Summer can be a notoriously wasted three months for students. I know that mine often were. Parents might want to share these summer strategies with their lethargic teen in order to maximize his or her time away from the classroom:
- Champions are made during the off-season: Colleges primarily care about the Big Three: grades, scores, and one extra-curricular. Summers are when good cellists become great, when good actors refine their skills. My tennis-playing daughter intends to master her volley before the fall. Encourage your teen to set specific, reasonable goals and then to implement intentional, regular practice to accomplish them. Your child may discover more joy and college interest from that extra-curricular.
- Earn enough money now to avoid having to work during the school year: Many teens work a part-time schedule during the summer and school year. Have them work full time now and over school breaks, and perhaps only one weekend day per week during the school year. Grades, scores, and one extra-curricular should pay more than flipping burgers. Have your teen work more now and less this fall, when time really counts.
- Volunteer. Scholarship committees and selective colleges love leadership and selflessness. Volunteering can exhibit both. Encourage your teen to commit to a cause she believes in—volunteering at least twice a week this summer and then once a week during school. More importantly, volunteering fuels self-regard and the soul.

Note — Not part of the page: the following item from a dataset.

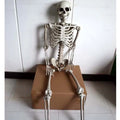 Full-size 170cm plastic skeleton prop with detailed skull and bone simulation on a white background.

If all teens invested in a volunteer activity they cared about, we’d have stronger, happier children.
- Read at least three real books. Reading now should increase self-awareness, an inquisitive nature, that ACT score, and the GPA. Encourage your teen to choose books that interest her; a trip together to the library or bookstore in search of one sounds like a great way to jump-start summer.
- Set aside fun time with family. My junior-to-be will be leaving in about two years. So I treasure long walks together, trips to the ice cream store, games of tennis, and watching movies– for my own sake but also to help ensure that her summer doesn’t become too purposeful. During these times I just try to listen, asking questions as needed.
Of course, the above is not an exhaustive list. Tiger parents might also push teens to prepare for the ACT or SAT, work with tutors to attack academic weaknesses, keep a journal, and self-publish a book—all worthy goals. But the above are basic strategies that should strengthen and rejuvenate any teen. And isn’t that the goal for this great time of year?